God loves his people as a whole (The Free Offer of the Gospel & Common Grace)

I have already pointed out this excellent interaction with Peter Leithart. But since then someone else posted an astute comment showing how all this ties in with a belief in the free offer of the Gospel (as John Murray called it) and Common Grace (on which John Murray also wrote a brilliant essay).

I would like to highlight Pastor Leithart’s concern that we say what we say to our children “meaningfully”. This is my concern as well coming from a Baptist background. Hosea would seem to be a great example of Yahweh’s passionate affection and concern for his people as a whole, including those headed for destruction. We appear tentative at best and unwilling at worst to talk that way about the church. Perhaps, asking for the difference between children of believers and the children of unbelievers would be helpful. We say to children in the covenant, “The benefits of the covenant of grace belong to you – you have a share in the inheritance – now believe it”. But of the unbelievers and children we have to say you have nothing until you come in. Sorry if these thoughts are a bit spotty. I am simply trying to use language that expresses the ‘favor’ Leithart speaks of. Happy to hear a push back . . .

A sermon I preached many years ago from Ephesians: Part One of a series on “the Free Offer of the Gospel”

Jonathan Edwards was a famous preacher, pastor and writer during colonial times. He is still revered today by Reformed thinkers–by those who share with him a Calvinistic heritage in the Christian faith. Recently a historical scholar dealt with how Edwards would address “seekers.” You see, supposedly there are unregenerate people who are seeking God in such a way that if they do certain things they just might be saved. From studying all of Edwards’ sermons and writings, this scholar created a hypothetical prayer that these seekers should pray. Here it is:

Dear God, whom I hate with all my being precisely because you hate and threaten me with hell, I hate this punishment perhaps even more than I hate you. Or, maybe I should say that I love my comfort even more than I hate you. For that reason I am asking a favor of you. I want you to make me love you, whom I hate even when I ask this and even more because I have to ask this. I am being frank with you because I know it is no use to be otherwise. You know even better than I how much I hate you and that I love only myself. It is no use for me to pretend to be sincere. I most certainly do not love you and do not want to love you. I hate the thought of loving you but that is what I’m asking because I love myself. If you can answer this ‘prayer’ I guess the gift of gratitude will come with it and then I will be able to do what I would not think of doing now–thank you for making me love you whom I hate. Amen.
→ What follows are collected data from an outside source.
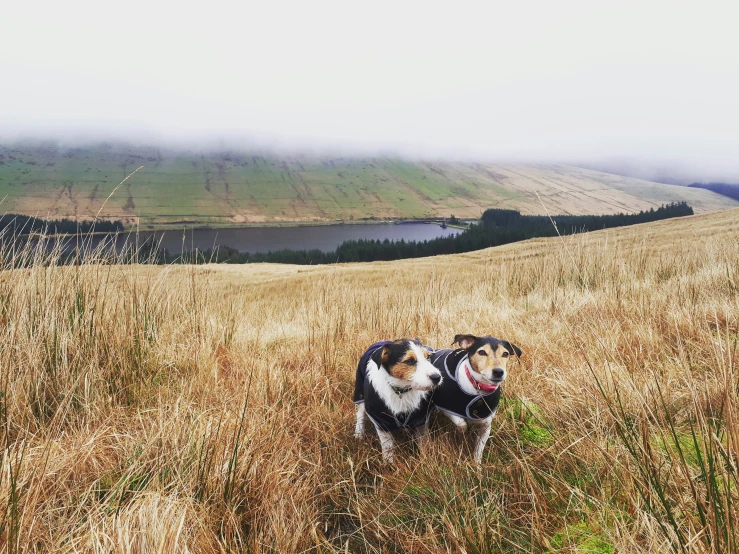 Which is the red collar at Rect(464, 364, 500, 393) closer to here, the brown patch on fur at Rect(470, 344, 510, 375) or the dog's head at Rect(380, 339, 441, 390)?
the brown patch on fur at Rect(470, 344, 510, 375)

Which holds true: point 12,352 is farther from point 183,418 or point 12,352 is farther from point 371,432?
point 371,432

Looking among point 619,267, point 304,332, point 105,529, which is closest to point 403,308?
point 304,332

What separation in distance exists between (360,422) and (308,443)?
0.52 meters

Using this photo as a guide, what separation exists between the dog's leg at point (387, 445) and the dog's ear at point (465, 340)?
1.01 metres

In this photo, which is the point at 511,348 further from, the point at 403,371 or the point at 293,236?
the point at 293,236

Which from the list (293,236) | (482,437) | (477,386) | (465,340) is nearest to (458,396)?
(477,386)

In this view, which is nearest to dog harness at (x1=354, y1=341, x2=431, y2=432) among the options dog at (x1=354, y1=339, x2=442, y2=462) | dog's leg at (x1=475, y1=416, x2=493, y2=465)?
dog at (x1=354, y1=339, x2=442, y2=462)

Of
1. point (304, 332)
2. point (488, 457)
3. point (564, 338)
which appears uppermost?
point (564, 338)

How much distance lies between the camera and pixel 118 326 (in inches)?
156

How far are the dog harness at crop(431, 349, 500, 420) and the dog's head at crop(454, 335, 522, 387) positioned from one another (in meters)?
0.13

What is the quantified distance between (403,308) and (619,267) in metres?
6.29

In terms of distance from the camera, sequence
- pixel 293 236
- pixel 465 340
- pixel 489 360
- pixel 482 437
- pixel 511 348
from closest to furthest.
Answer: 1. pixel 482 437
2. pixel 489 360
3. pixel 511 348
4. pixel 465 340
5. pixel 293 236

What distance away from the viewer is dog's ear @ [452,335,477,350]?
3271 mm

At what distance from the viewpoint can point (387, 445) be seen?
3.03 meters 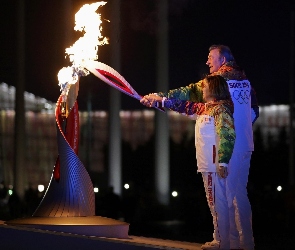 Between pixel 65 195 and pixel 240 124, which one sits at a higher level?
pixel 240 124

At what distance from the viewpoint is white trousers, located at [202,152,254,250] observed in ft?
28.5

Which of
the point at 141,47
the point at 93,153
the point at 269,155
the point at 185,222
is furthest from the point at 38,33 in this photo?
the point at 93,153

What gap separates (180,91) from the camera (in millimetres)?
9289

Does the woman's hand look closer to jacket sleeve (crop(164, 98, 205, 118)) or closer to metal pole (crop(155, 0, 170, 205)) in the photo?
jacket sleeve (crop(164, 98, 205, 118))

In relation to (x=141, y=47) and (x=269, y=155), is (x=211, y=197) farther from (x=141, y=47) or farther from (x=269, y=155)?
(x=269, y=155)

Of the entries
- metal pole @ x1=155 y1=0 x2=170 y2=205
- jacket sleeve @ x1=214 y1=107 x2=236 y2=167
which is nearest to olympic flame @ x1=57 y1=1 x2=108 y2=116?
jacket sleeve @ x1=214 y1=107 x2=236 y2=167

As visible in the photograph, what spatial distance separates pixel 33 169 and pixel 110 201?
2114 inches

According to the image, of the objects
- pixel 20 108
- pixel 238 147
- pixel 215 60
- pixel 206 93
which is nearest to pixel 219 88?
pixel 206 93

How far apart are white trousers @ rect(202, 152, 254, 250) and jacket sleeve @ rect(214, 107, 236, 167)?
0.83 feet

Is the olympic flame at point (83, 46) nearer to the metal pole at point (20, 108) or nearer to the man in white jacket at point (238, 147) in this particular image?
the man in white jacket at point (238, 147)

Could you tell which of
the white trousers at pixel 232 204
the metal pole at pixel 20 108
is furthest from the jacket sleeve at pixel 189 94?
the metal pole at pixel 20 108

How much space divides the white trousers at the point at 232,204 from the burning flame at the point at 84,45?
2862 millimetres

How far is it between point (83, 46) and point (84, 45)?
2 cm

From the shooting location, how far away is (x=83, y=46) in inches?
434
Now, we could just stop there and ask if we find anything remotely like that sort of prayer for sinners anywhere in Scripture, but I don’t want to do that yet because it gets better (or, really, worse). Here is another prayer written under the direction of the same theological impulse:

You do not rest on God’s owing you any sympathy, not to think of pardon. You may not even rest on His mercy. He is sovereign in that. If you presume on anything, including the mercy of God, you will never receive mercy. If you do not presume but only beg, there is hope. One day–tomorrow? Thirty years from now? You may get up from your knees a new creature in Christ Jesus! A new you with a penitent heart! But you may not, ever! God may still let you go to the hell you so richly deserve.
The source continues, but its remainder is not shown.